In all our work with partners we recognise explicitly that we are not the experts. Our partners are experts in their own, specific contexts and they know best how peace can be built and sustained there. What does this mean in practice? Well, as one of our partners told us in our recent partner survey, “Peace Direct never hesitates to follow the advice of local partners who know the problems of the communities better”.

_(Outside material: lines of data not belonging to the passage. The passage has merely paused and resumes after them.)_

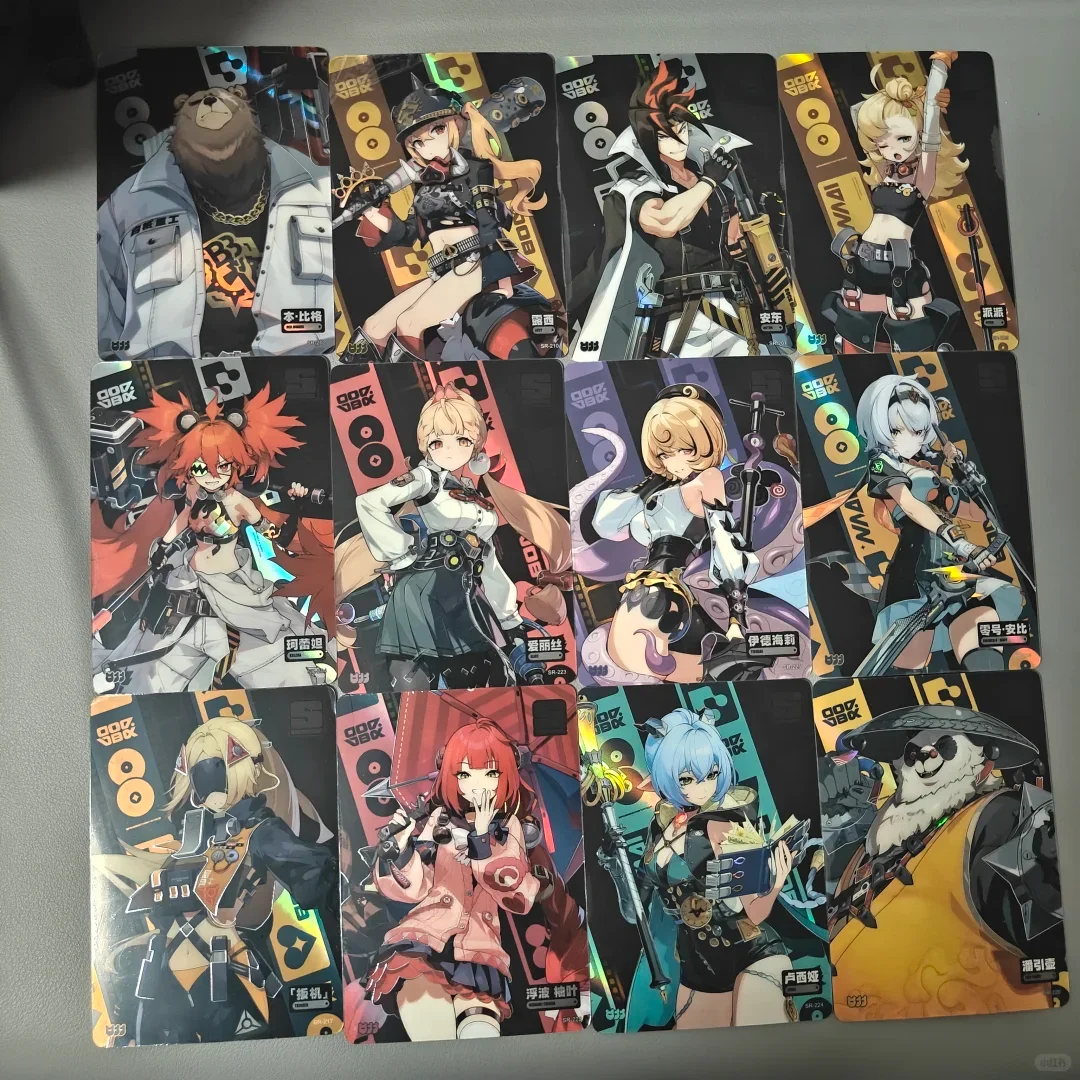 Genuine Zenless Zone Zero Collectible Cards Blind Box Volume 2 Midsummer Dream Official Licensed Anime Game New Sealed Gift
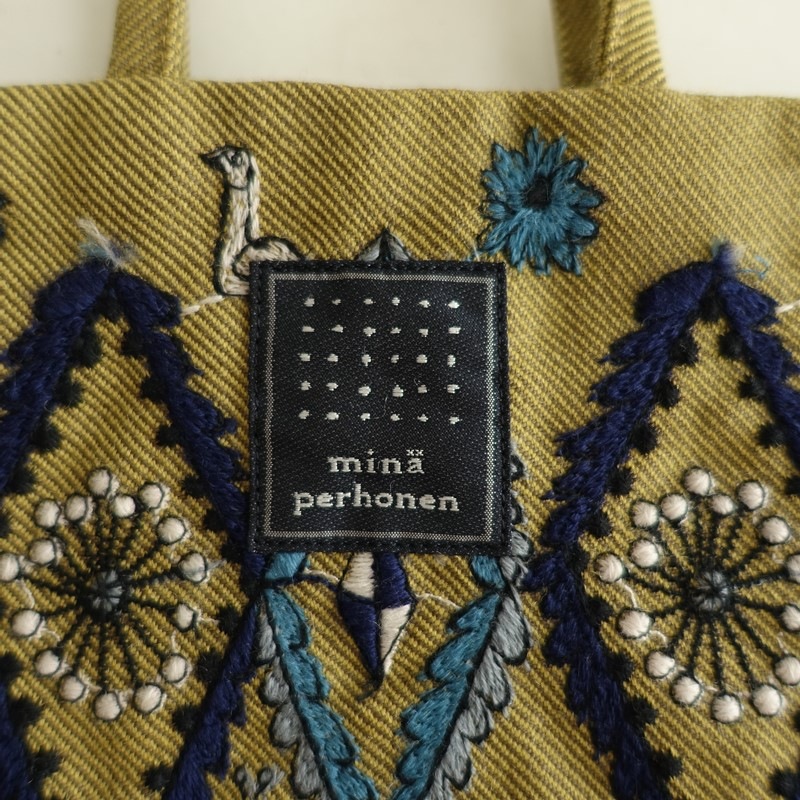 �����1.1���ۥߥʥڥ�ۥͥ� mina perhonen forest diamond toast bag   (ba11-2510-138)��71K52��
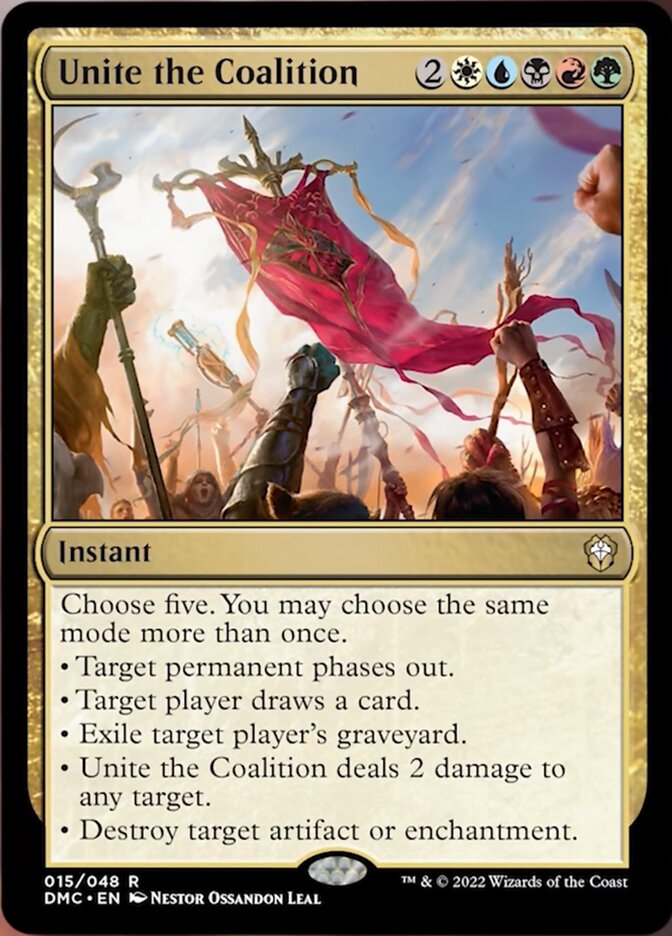 Unite the Coalition [Dominaria United Commander] | The Time Vault CA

Our partners also have expertise in other areas – ranging from trauma-informed peacebuilding, to safeguarding, early warning and early response systems, or providing subgrants to informal peacebuilding groups that fly under the radar of most donors. We acknowledge and make use of this expertise by bringing partners together in virtual or in-person exchanges, to learn from and strengthen each other.

Roles and relationships

Our partners do not need us to tell them what to do and how to do it, they do not need us to develop programmes for them. They do not need us to build their capacity. What they need, indeed what we all need, is a critical friend. Someone who can ask us the difficult questions, challenge us to learn and to grow, bring us different perspectives, offer us space to reflect on what we are doing and how we can improve.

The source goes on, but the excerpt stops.